HOME PAGE SUBSCRIPTIONS, Print Editions, Newsletter PRODUCTS READ THE PETROLEUM NEWS ARCHIVE! ADVERTISING INFORMATION EVENTS PETROLEUM NEWS BAKKEN MINING NEWS

Providing coverage of Alaska and northern Canada's oil and gas industry
March 2007

Vol. 12, No. 10 Week of March 11, 2007

Legislature gets AGIA

First hearing in House O&G March 13; Alaska legislators support concept

By Kristen Nelson

Petroleum News

The Alaska Legislature is now in possession of Gov. Sarah Palin’s Alaska Gasline Inducement Act, with the first hearings scheduled on the bill in the House Special Committee on Oil and Gas March 13.

House Bill 177 has referrals to Oil and Gas, Resources and Finance.

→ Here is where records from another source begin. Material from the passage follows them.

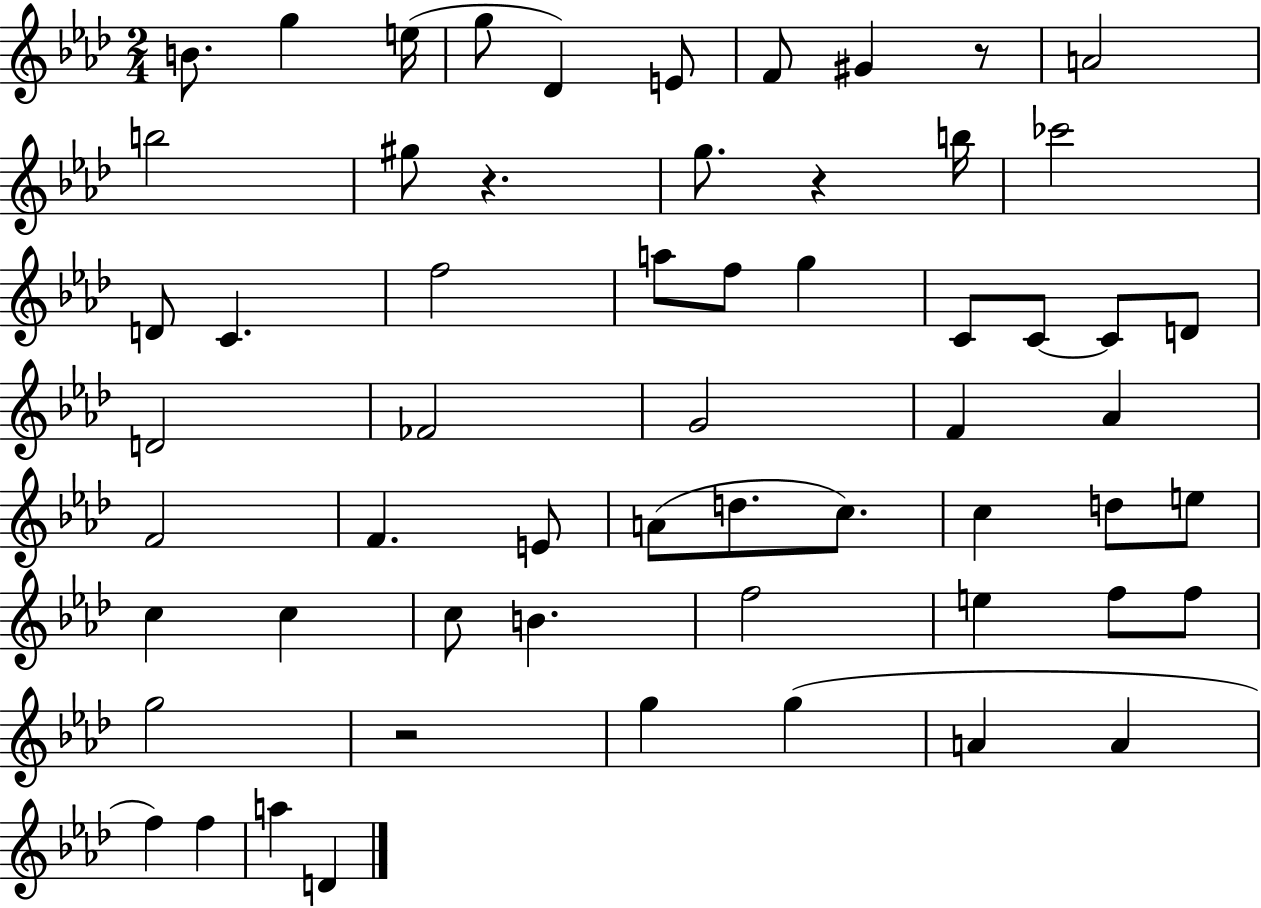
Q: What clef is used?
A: treble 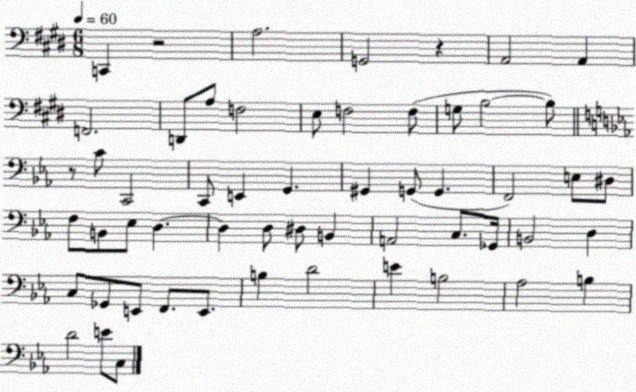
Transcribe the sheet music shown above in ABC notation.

X:1
T:Untitled
M:6/8
L:1/4
K:E
C,, z2 A,2 G,,2 z A,,2 A,, F,,2 D,,/2 A,/2 F,2 E,/2 F,2 F,/2 G,/2 B,2 B,/2 z/2 C/2 C,,2 C,,/2 E,, G,, ^G,, G,,/2 G,, F,,2 E,/2 ^D,/2 F,/2 B,,/2 _E,/2 D, D, D,/2 ^D,/2 B,, A,,2 C,/2 _G,,/4 B,,2 D, C,/2 _G,,/2 E,,/2 F,,/2 E,,/2 B, D2 E B,2 _A,2 B, D2 E/2 C,/2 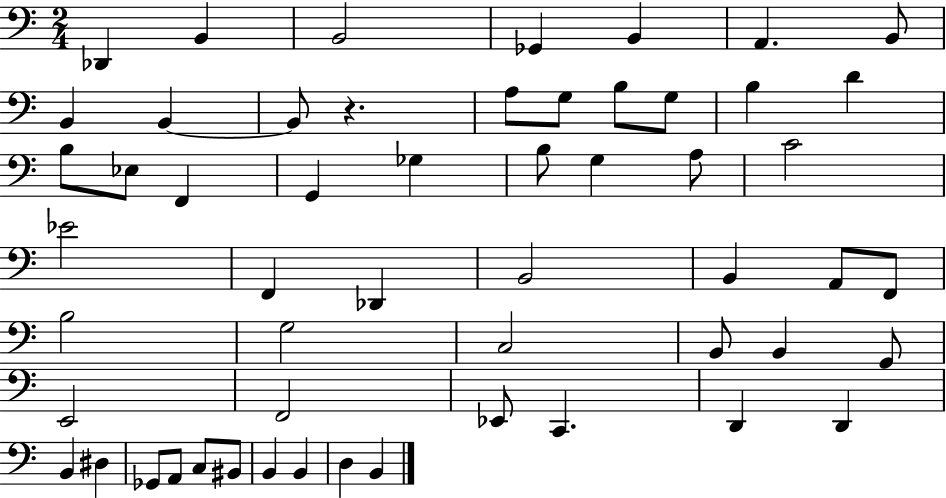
{
  \clef bass
  \numericTimeSignature
  \time 2/4
  \key c \major
  des,4 b,4 | b,2 | ges,4 b,4 | a,4. b,8 | \break b,4 b,4~~ | b,8 r4. | a8 g8 b8 g8 | b4 d'4 | \break b8 ees8 f,4 | g,4 ges4 | b8 g4 a8 | c'2 | \break ees'2 | f,4 des,4 | b,2 | b,4 a,8 f,8 | \break b2 | g2 | c2 | b,8 b,4 g,8 | \break e,2 | f,2 | ees,8 c,4. | d,4 d,4 | \break b,4 dis4 | ges,8 a,8 c8 bis,8 | b,4 b,4 | d4 b,4 | \break \bar "|."
}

Senate Bill 104 has referrals to Resources, Judiciary and Finances.

The governor gave the bill a two-city sendroleum Newsoff March 2. The governor, administration officials and legislators were joined — in Juneau and Anchorage — by representatives of the North Slope producers, the partners in the previous failed contract, along with companies and organizations which had been outside the last contract, and, in some cases, opposed to it: Alaska Gasline Port Authority, Alaska Natural Gas Development Authority, Alaska Power Association, The Alliance, Anadarko Petroleum, Arctic Slope Regional Corp., Backbone 2, BP Exploration (Alaska), Chevron, ConocoPhillips Alaska, Enstar Natural Gas, ExxonMobil Production, Kern River/MidAmerican, Resource Development Council, Shell Exploration and Production Co. Alaska and TransCanada.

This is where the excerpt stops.